Certainly there are plenty of recent examples of post-election strife. During the Florida ballot re-count after the 2000 election, suit-wearing George W. Bush supporters staged a demonstration that would be dubbed the “Brooks Brothers Riot” (referring to the suits) after it turned violent. In the days after the election of Barack Obama in November 2008 as America’s first black president, reports of racial violence and vandalism increased around the country.

The difference with what we’ve seen since Trump won his electoral-college victory over Hillary Clinton Tuesday is the size, scope and immediacy of the reaction. This isn’t a one-time confrontation over a re-count process, or a spate of individual hate crimes.

In Chicago on Wednesday night, an estimated 2,000 protesters marched downtown, shutting down traffic on Lake Shore Drive and prompting arrests. In Portland, Ore., early Friday, 26 people were arrested after an anti-Trump protest turned into a riot, with an estimated 4,000 people shattering windows and knocking out electricity.

For several days now, there have been other large protests, some peaceful and some not so peaceful, in New York, Philadelphia and other cities, and many college campus gatherings, including Friday’s protest at Washington University.

Some of the anger probably stems from the fact that Trump will become president despite losing the popular vote to Clinton — and the fact that that’s the second time it’s happened in 16 years, with the previous beneficiary also being a Republican.

The sheer, poll-driven surprise of the thing has probably contributed to the anger as well. “Everyone thought [Trump] was going to lose,” adding shock to the disappointment for Clinton’s supporters, Kastor said. Barring that, “I think the response would have been different.”

But some of the strife, Kastor said, is baked into America’s culture today, springing from the same confrontational atmosphere that produced the Ferguson riots and the Black Lives Matter protests.

“There are periods throughout American history when people have been more likely to mobilize in the streets — the 1930s, the 1960s — and people are doing it now.”

FEW PRECEDENTS

Violent protests have a long history in this country, starting with the American Revolution itself. Since then, the history of big movements here can be charted by the protest-culture that accompanied them: women’s suffrage, labor rights, civil rights, the feminist movement.

There was the anti-Vietnam War movement, the gay-rights Stonewall Riots of 1969, the Occupy Wall Street movement of the 2010s. More recently there was Ferguson and the Black Lives Matter movement.

But what they all had in common was that they were in reaction to specific injustices (such as unfair labor practices or Jim Crow laws) or shocking events (like the shooting of Michael Brown). None started merely because a widely accepted American norm — in this case, a national election — had produced an uncontested outcome.

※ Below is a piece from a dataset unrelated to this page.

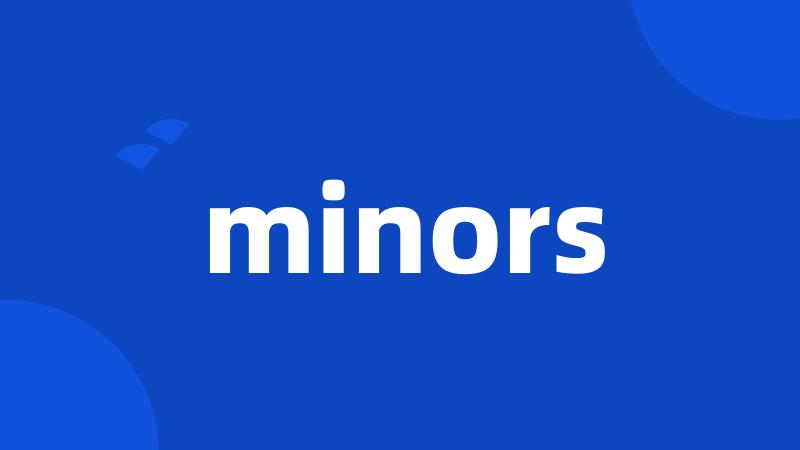 minors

In fact, said Kastor, just one example readily comes to mind: the election of 1860.

“I’m not saying this is going to lead to a Civil War,” he stressed. But “white southerners were convinced that someone [Abraham Lincoln] had been elected who disrespected everything they believed in.”

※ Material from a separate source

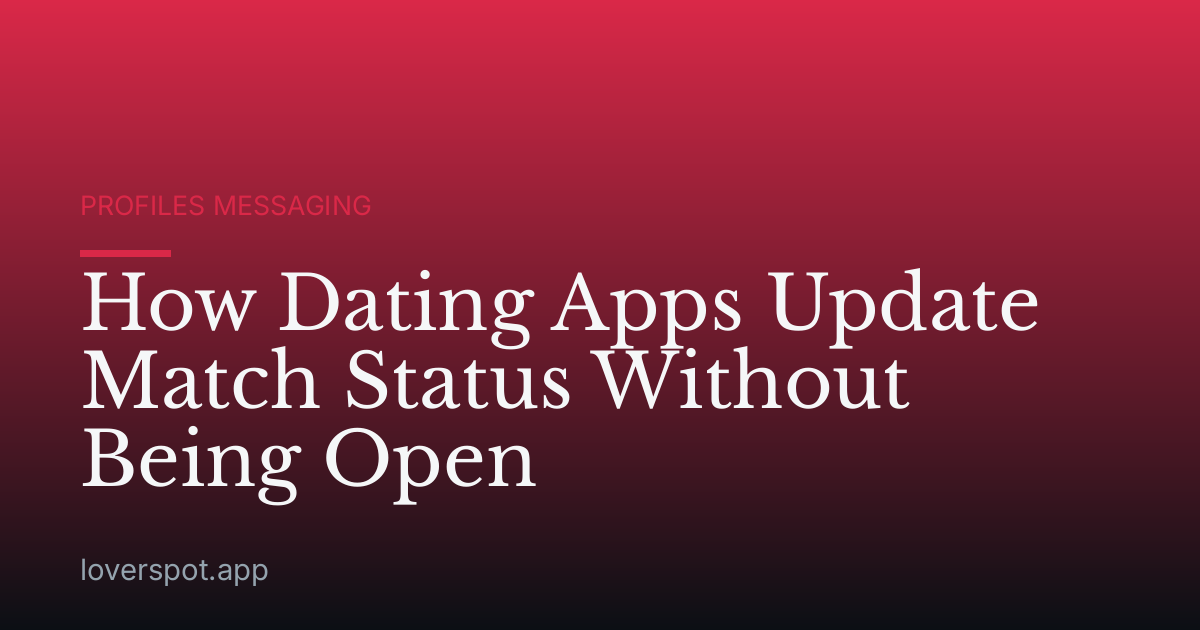 How Dating Apps Update Match Status Without Being Open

Alasdair Roberts, professor of public affairs at the University of Missouri-Columbia, believes it isn’t just about Trump, but about a wider protest culture active today because of economic and political uncertainty stretching back to the financial crash of 2008.

His 2013 book “The End of Protest” predicted that the 2008 crash could lead to a delayed re-emergence of protest culture in America. He believes that’s part of what we’re seeing now.

“There is outrage among a certain segment of the population about the things Donald Trump has said and threatened to do. That’s the immediate trigger for these protests,” said Roberts. “But we also have to understand that we’re in a period of economic and political upheaval more broadly. Those are conditions under which you should expect protests.

“It‘’s kind of like a forest fire: There’s a spark that starts the fire, but there were environmental conditions already in place that allowed it to happen.”